Indeed, there are moments when it makes perfect sense dramatically for the Doctor to assert himself in this way. One comes in Voyage of the Damned, the Christmas Special from 2007. In this story, the Doctor is trapped on a spaceship called the Titanic that is hurtling towards the Earth. He’s leading a motley group of survivors through the bowels of that ship in an attempt to escape. The Doctor also knows that the Titanic will crash at some point and cause devastation on our planet. Unfortunately, the survivors, who are also being pursued by murderous, robotic angels (though they don’t know that just yet), find that their spirits begin to sag. The group is jostling for control – who’s going to be in charge of getting them through this all safely? The Doctor knows he’s the best qualified for this, and so he does a bit of speechifying. It’s his moment to rally the troops by declaring his credentials as a hero and as the only one who can guide them successfully through the danger they face.
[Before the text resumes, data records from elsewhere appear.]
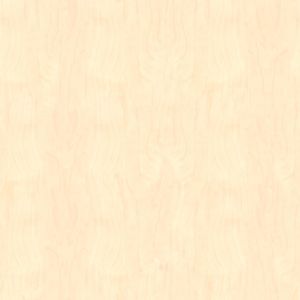  PM_brzoza polarna D-9420BS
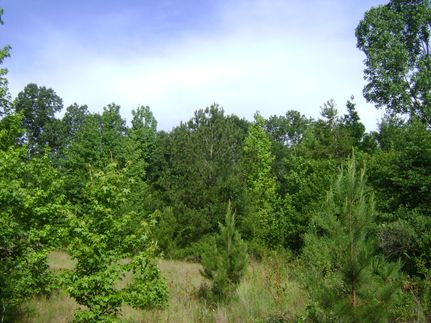 Undeveloped Land in Miller County, Arkansas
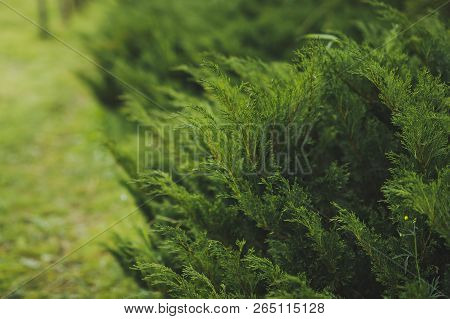 Thuja Korean Undersized Thickets High Resolution Photo.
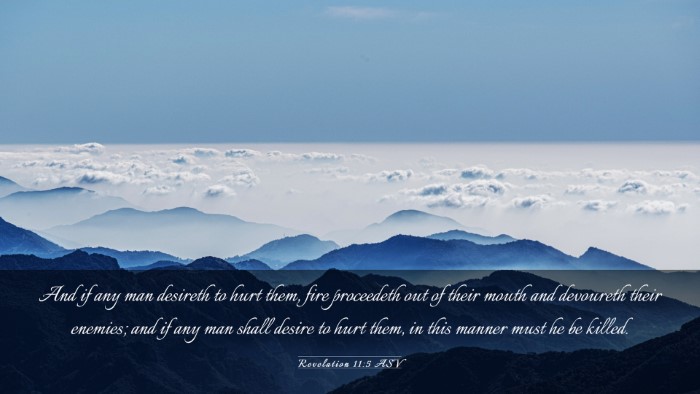Picture 03 - Revelation 11:5 ASV Desktop Wallpaper - And if any man desireth to hurt them, fire - Desktop Bible Verse Wallpaper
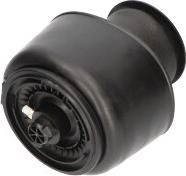 Kavo Parts SAS-10001 - PNEIMO SPILVENS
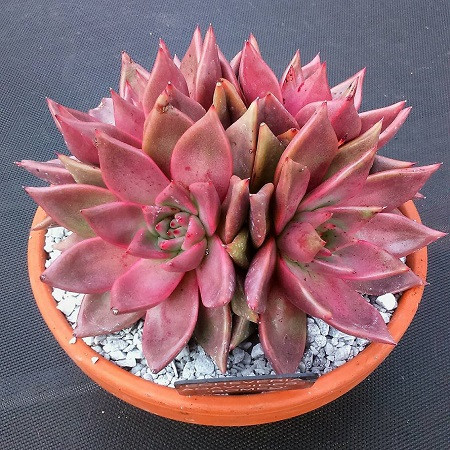 Echeveria AGAVOIDES v ROMEO или Эхеверия Ромэо (семена)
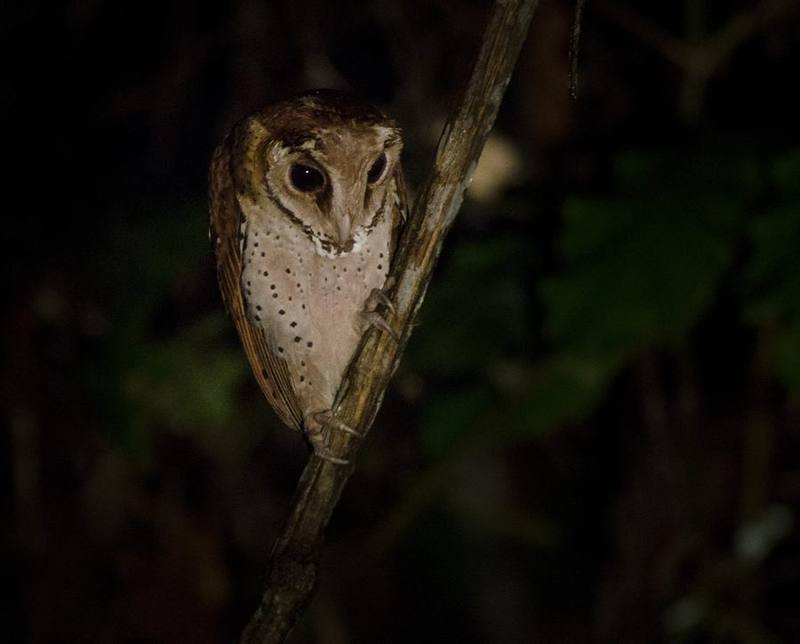 Oriental Bay Owl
This is okay, I think, because of the situation that the Doctor finds himself in. There isn’t time for clowning and banter. The clock is ticking and more lives could be lost at any moment because of the type of story the Doctor has gate-crashed: a disaster movie with all its attendant urgency.
The problem for me is that this kind of posturing grew in frequency when Steven Moffat took over as showrunner. The Doctor spent less time as a mysterious trickster or anarchistic, anti-authoritarian outsider, and more as a kind of cosmic superhero who could dispel massive space fleets just by saying who he was. I found myself increasingly longing for the days when the Doctor had a bit more humility. When Pertwee (or even Eccleston in the new series) seemed capable of being afraid of their foes.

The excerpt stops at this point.